Could you change the int to a string and throw each char into an array.
Put 1004 into an array like: [1][0][0][4] and then go through the array and change the 0's to 5's and then re-create the number from a string. [1][5][5][4] = 1554.
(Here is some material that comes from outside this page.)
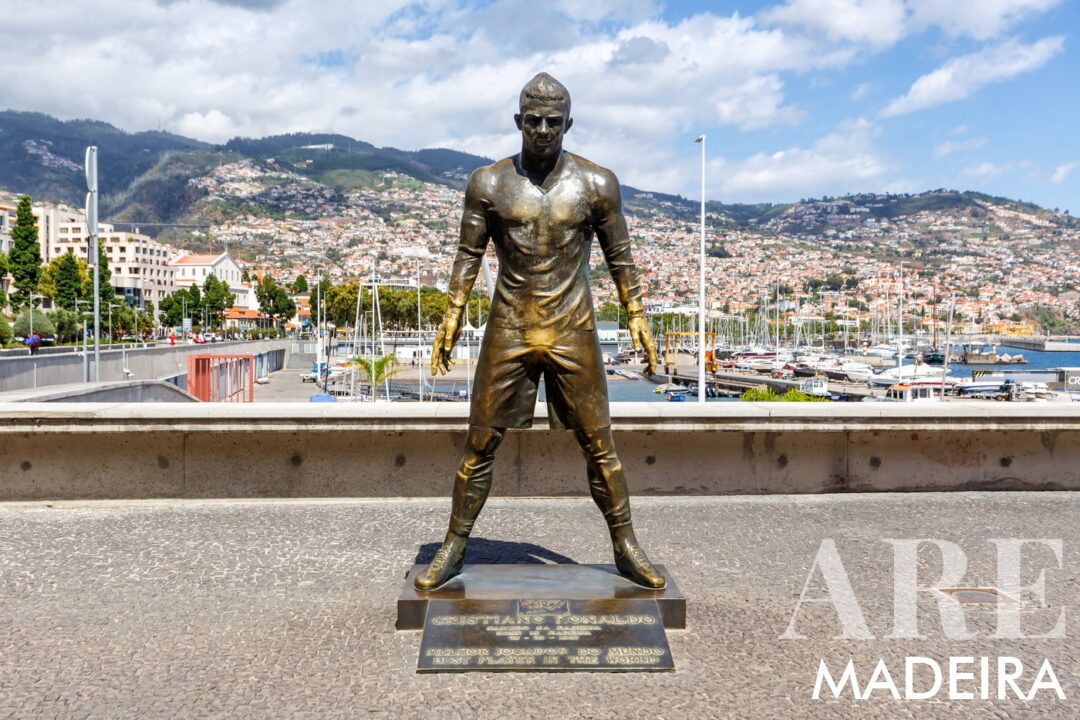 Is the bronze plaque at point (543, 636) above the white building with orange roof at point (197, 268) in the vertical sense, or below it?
below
If regular expression can be used, following is the code in java..
Please comment if there are any errors.

import java.util.regex.Pattern;
import java.util.regex.Matcher;

public class Test {
	
	public static void main(String args[]){
		
		int a[] = {3, 89, 4, 45, 233, 900004, 30, 606, 670, 8097};
		
		Pattern pat = Pattern.compile("0");
		
		for(int i=0; i<a.length; i++){
		Matcher mat = pat.matcher(""+a[i]);		
		a[i] = Integer.parseInt(mat.replaceAll("5"));
		System.out.println(a[i]);
		}
		
		
	}
}

Here is a simple Python code.

def replace0to5 (num):
m = 10
n = 1
d = len(str(num))

for i in xrange(d):
if ((num % m) / n == 0):
num = num + n * 5
m = m * 10
n = n * 10

return num

Ankush's code worked for me

simple O(n) solution in ruby

# O(n)
def replace_zeroes zero_arr = []
  0.upto(zero_arr.size) {|i| zero_arr[i] += 5 if zero_arr[i] == 0}
  zero_arr
end

public class ArrEx{
        public static void main(String[] arg)
        {
                int arr[] = {1,4,0,2,5,0,6};
                for(int i=0; i<arr.length; i++)
                {
                        if(arr[i]==0)
                        {
                                arr[i]=5;
                        }
                }

                for(int x:arr)
                {
                        System.out.println(x);
                }
        }
}

public class ArrEx{
        public static void main(String[] arg)
        {
                int arr[] = {1,4,0,2,5,0,6};
                for(int i=0; i<arr.length; i++)
                {
                        if(arr[i]==0)
                        {
                                arr[i]=5;
                        }
                }

                for(int x:arr)
                {
                        System.out.println(x);
                }
        }
}

if you find zero anywhere , do 0! + 0! +0 ! +0! + 0! for five you will get value 5 as 0! = 1.